I briefly mentioned Quester Group, Inc. v. DI S.A., D2010-1950 (WIPO February 14, 2011) in my Tuesday March 15 Note and think it worth another visit. The Complainant is in the business of selling guitars; the Respondent is in the business of aggregating links for buyers of guitars. It is mainly interesting because of the split decision in the Respondent’ favor. The majority noted that “[t]he dividing line can be difficult to draw,” particularly where the trademark is composed of a descriptive phrase, ULTIMATE GUITAR. In this respect, the problem is self created. “In fact, it is the very ability to draw consumers by the descriptiveness that leads mark owners to choose such terms in the first place.” For a trademark holder of generic and descriptive terms it must present evidence of targeting, which was lacking in Quester Group’s record.

The record in Quester Group revealed that the Respondent acquired the domain name prior to the registration of the trademark. In itself, this would not prevent a complainant from maintaining a UDRP proceeding if shows common law rights to the term. In fact, “[t]he [Quester] Complainant provided copies of six United States trademark registrations as Exhibits to its Complaint. Three of these registrations are on the Supplemental Register; the other three are on the Principal Register but refer to Section 2(F).” This signifies for the Section2(F) registrations that the phrase ULTIMATE GUITAR was registrable only because the Complainant established secondary meaning to the mark. “Registration of a mark on the Supplemental Register … constitute[s] an admission that the mark is merely descriptive,” 15 U.S.C. § 1115(a), although it does not preclude proof of acquired distinctiveness, 15 U.S.C. § 1095.

Registering a descriptive term is not for that reason alone evidence of abusive registration. More is required. In this case, “Respondent supplied evidence of its business model which is based on registration and monetization of domains that use terms of common meaning.” The majority noted that

Because many marks are based on commonly used words, such a business model will quite likely occasionally register domain names that are identical or similar to someone’s mark somewhere in the world.

The question is whether the domain name was acquired for an illicit reason to take advantage of the trademark. “In this case,” (noted the dissent) “the website at the disputed domain name links to websites and itself contains material that is directly competitive with the Complainant’s business.” He offers the following analogy:

The majority would say, for example, that a website at a domain name “ultimateapple.com” that has PPC links to a website about fruit would be legitimate. I agree. However, in my view, that a website at a domain name “ultimateapple.com” that has some PPC links to a website about fruit and other PPC links to a website about computers would not be legitimate. I believe that, applying the rationale of the majority decision, that the majority would find otherwise.

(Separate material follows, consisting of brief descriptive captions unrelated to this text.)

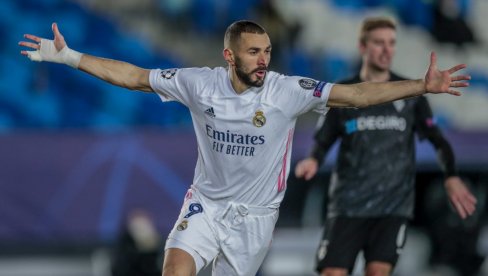 BENZEMA KRALJEVIĆ DO 2023. GODINE: Madriđani blindirali francuskog napadača BENZEMA KRALJEVIĆ DO 2023. GODINE: Madriđani blindirali francuskog napadača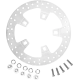 Coastal Moto Brake Rotor - 320 mm - Front - Polished - '24 FLHX/FLTR - 1710-4728  CM-FR-320P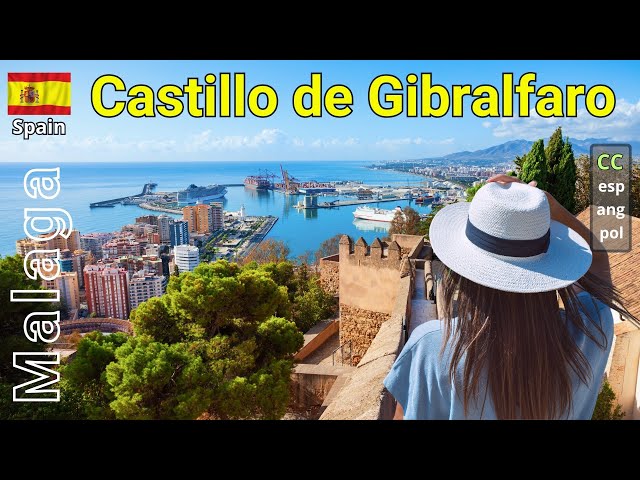 Castillo de Gibralfaro ,Malaga ,Spain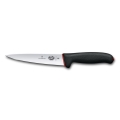 Victorinox - DUAL GRIP 16 cm Meat Knife, Black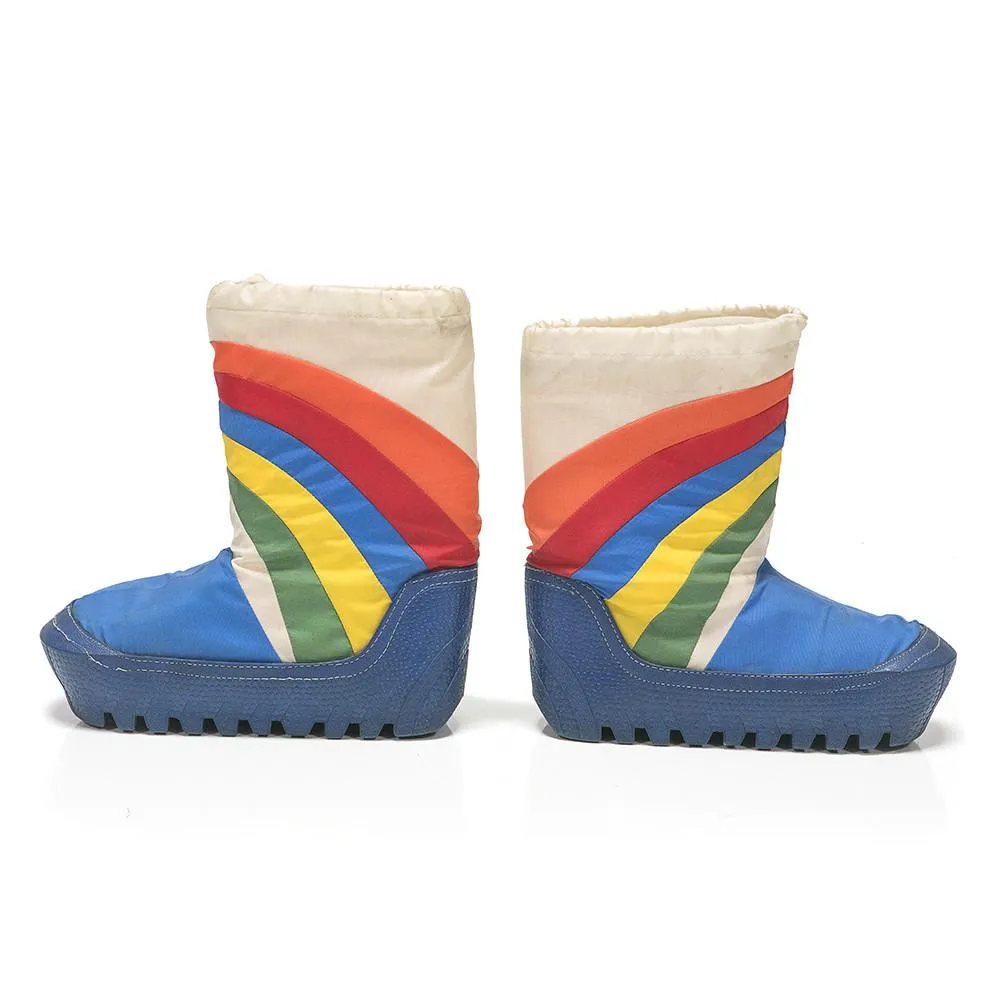 Multi Colored Moon Boots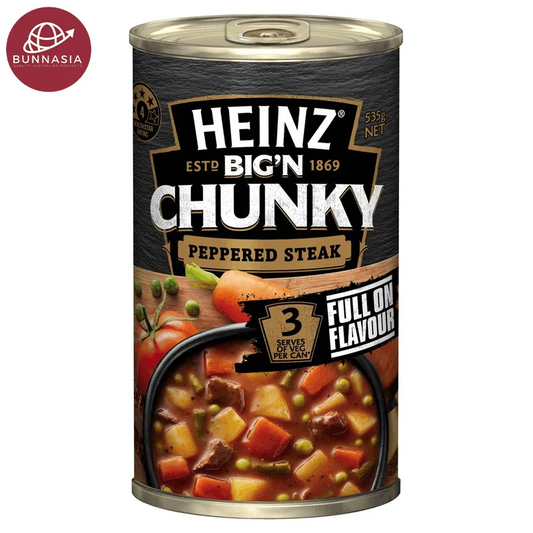 Heinz Soup Big N Chunky Peppered Steak 535g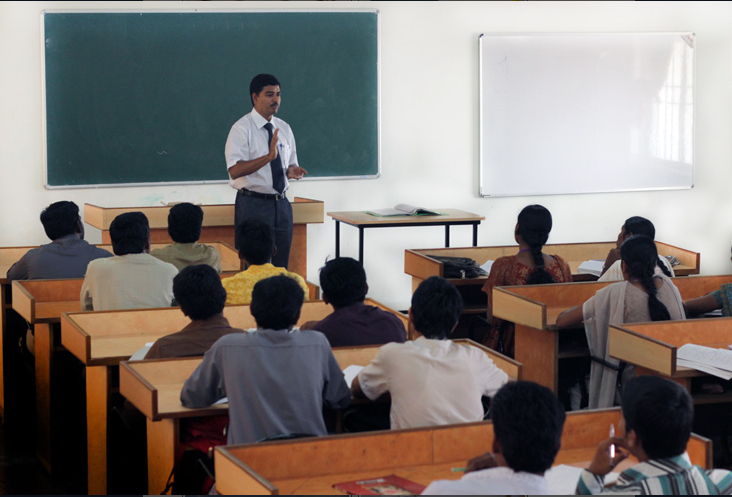 Hindusthan College of Arts and Science Classroom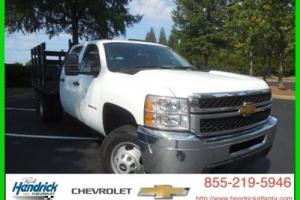 2012 Chevrolet Silverado 3500 Work Truck Photo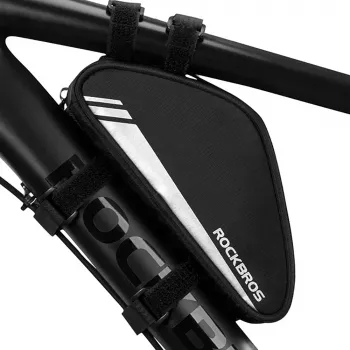 Sacoche de cadre de vélo ROCKBROS B55-BK 0,7 L noire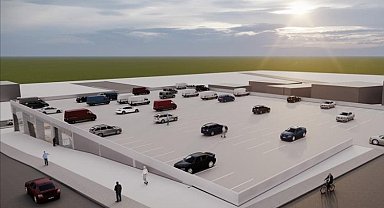 İnegöl'e yeni kapalı pazaryerleri müjdesi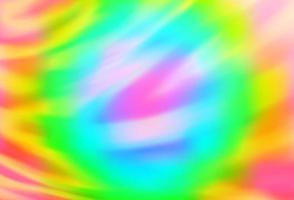 Light Multicolor, Rainbow vector colorful blur background.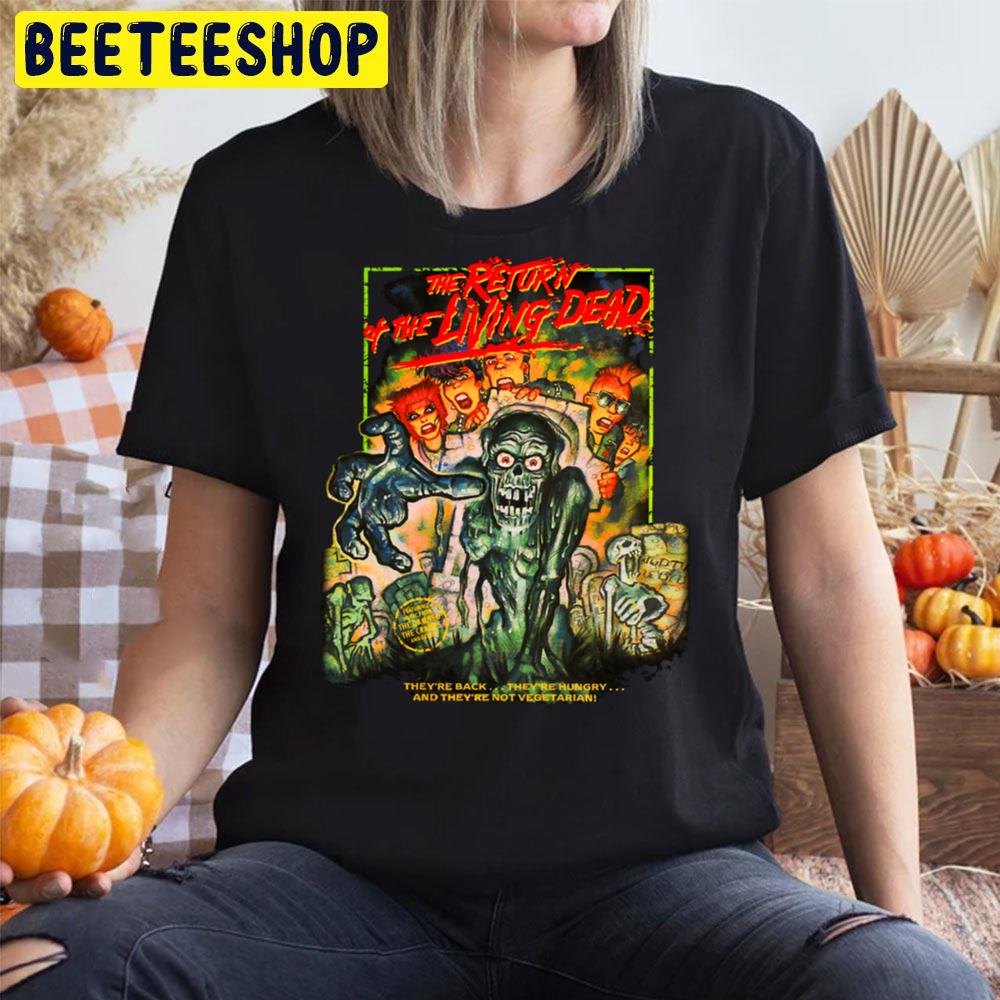 It's Party Time The Return Of The Living Dead Halloween Trending Unisex T-Shirt It's Party Time The Return Of The Living Dead Halloween Trending Unisex T-Shirt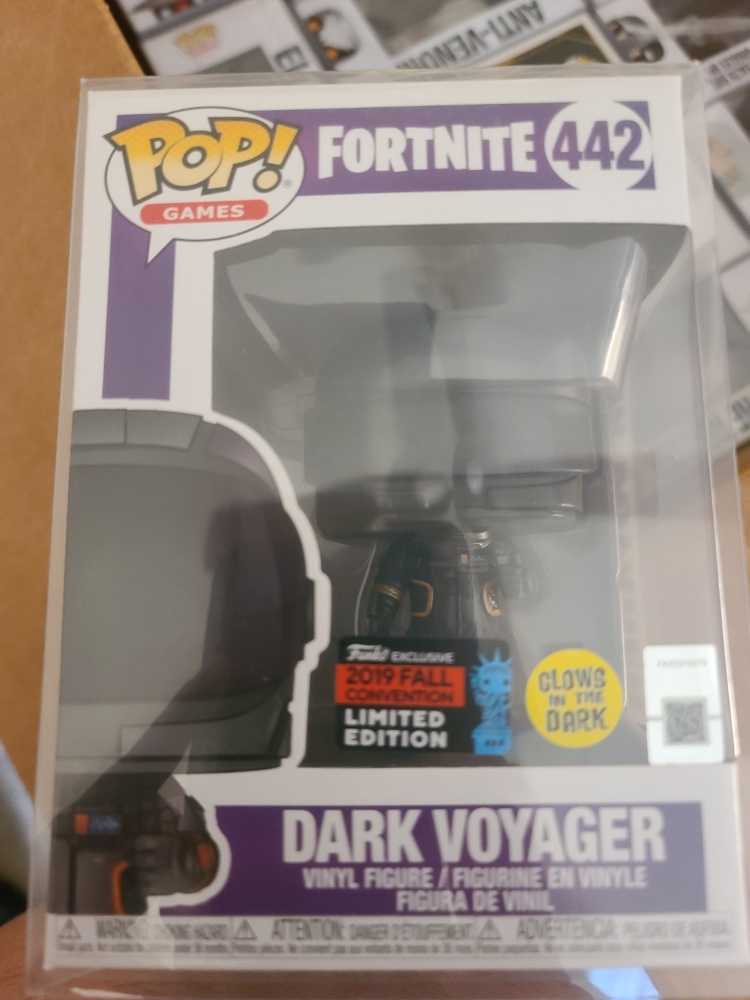 Dark Voyager - Fortnite vinyl figure collectible [Barcode 889698349918] - Main Image 3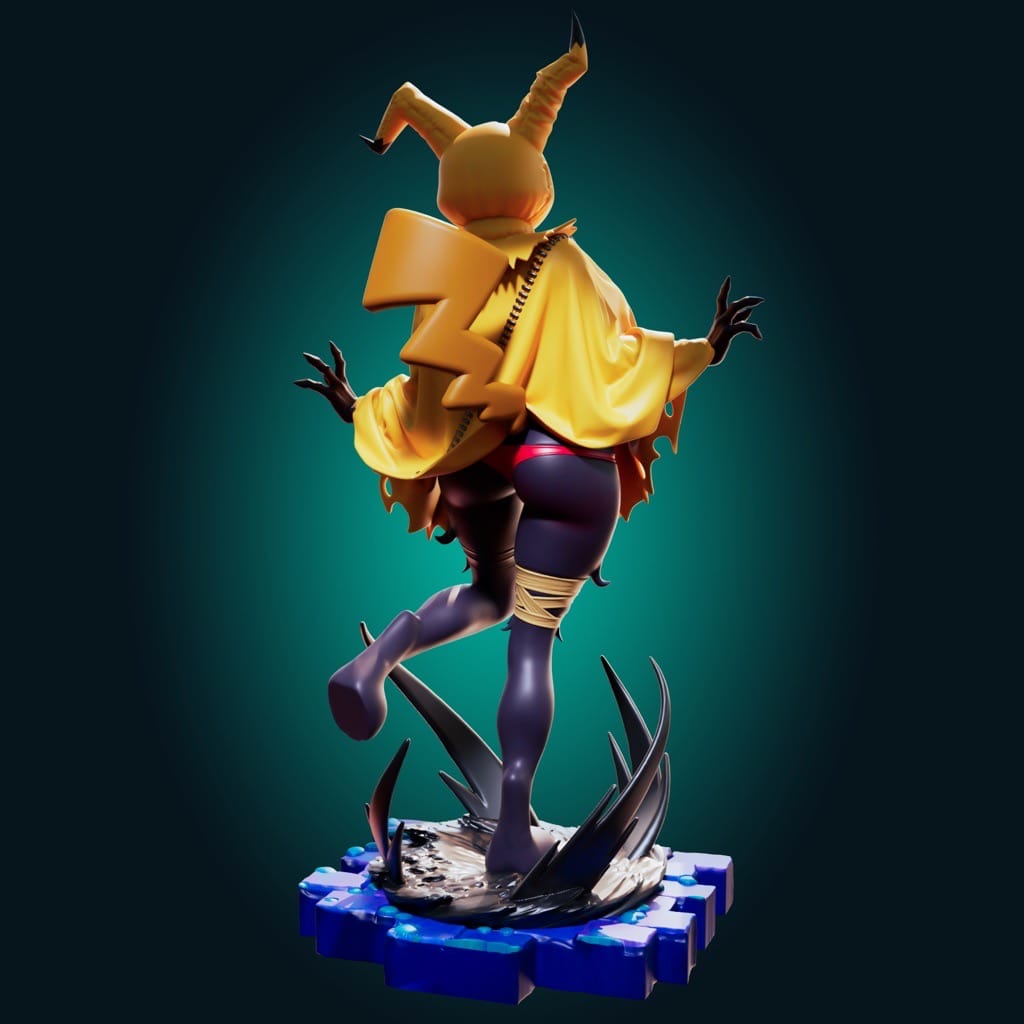 P站图纸印象馆 Officer Rhu 精灵宝可梦 谜拟丘 Officer Rhu 精灵宝可梦 谜拟丘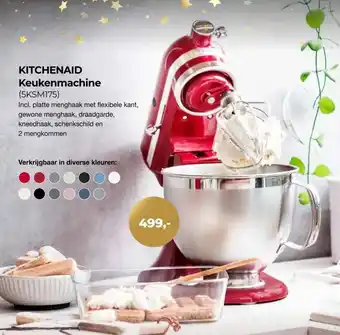 EP Beerepoot KITCHENAID Keukenmachine aanbieding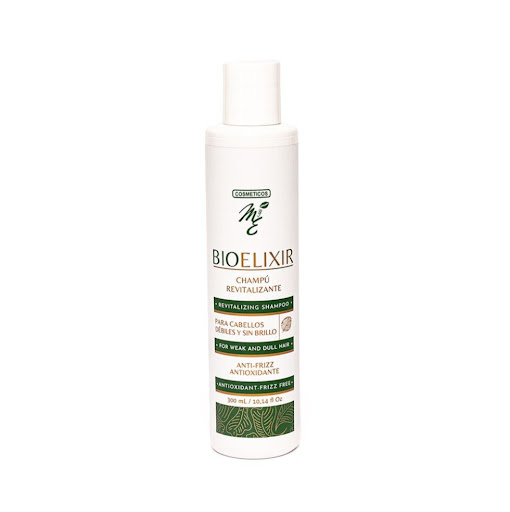 Shampoo MYE, BIOELIXIR, X 300mL, X1 Cosméticos MyE Pote x 1 El Shampoo Revitalizante Bioelixir es una fórmula de limpieza capilar enriquecida con una combinación inteligente de tensioactivos suaves, acondicionadores y activos botánicos, que permiten una limpie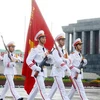 “Musketeers" qietly protects president Ho Chi Minh mausoleum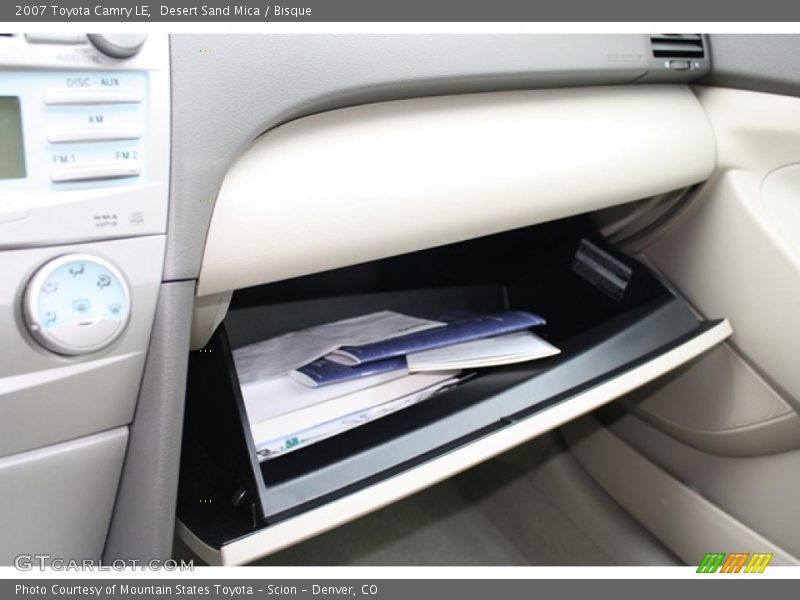 Desert Sand Mica / Bisque 2007 Toyota Camry LE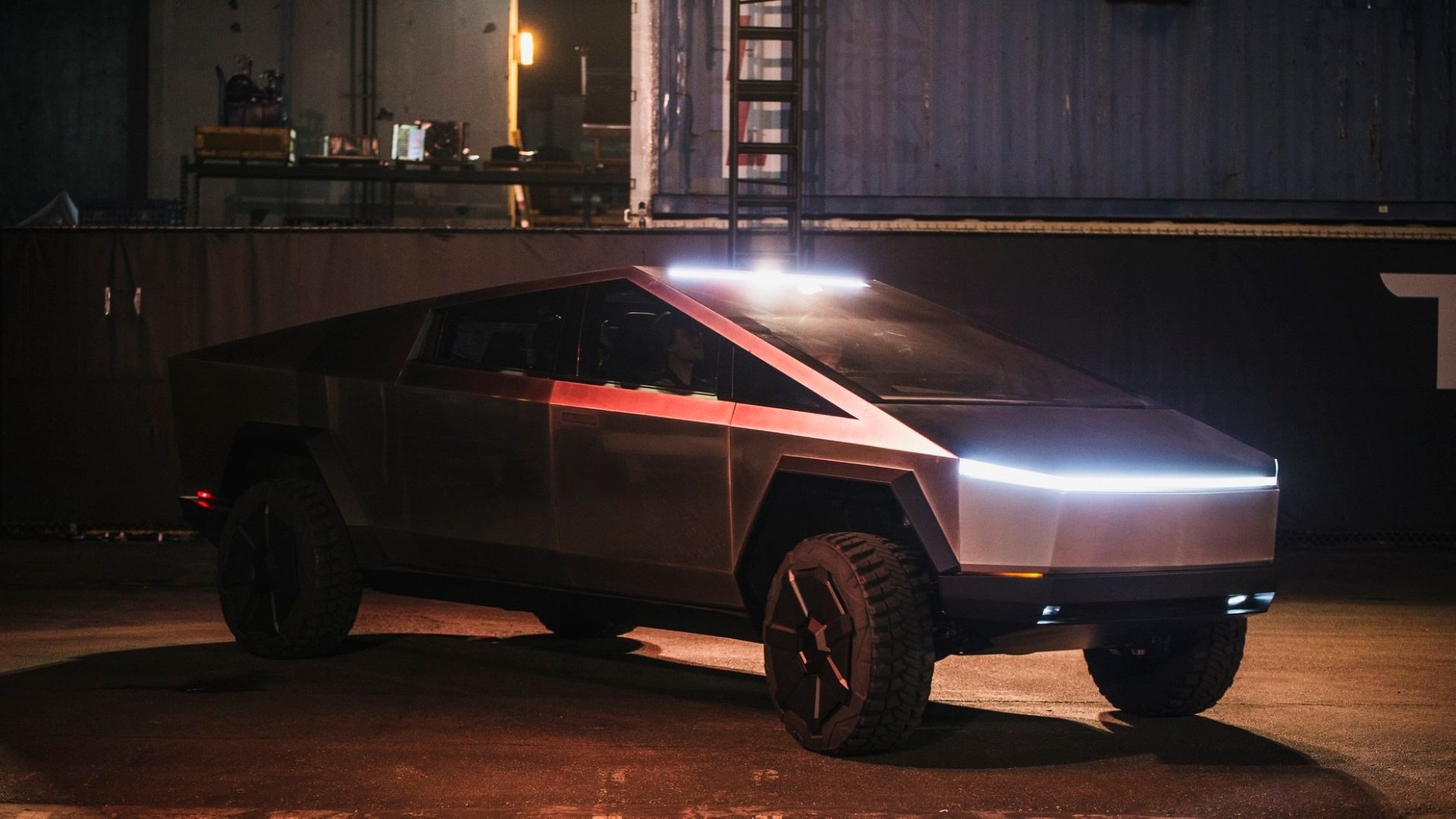 Cybertruck da Tesla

The dissent concluded that the Respondent “is intentionally capitalizing on the similarity between the Complainant’s trademarks and the disputed domain name and the confusion caused to Internet users.”

The majority’s belief that the Complainant’s argument is weakened because the Respondent acquired the domain as part of a sizable portfolio purchased from another dealer is challengeable and not satisfactory because domainers have a duty on acquisition – remember acquisition = registration – to investigate whether any domain in a “sizable portfolio” infringed “upon or otherwise violate[d] the rights of any third party.” There was no evidence of any investigation in Quester Group.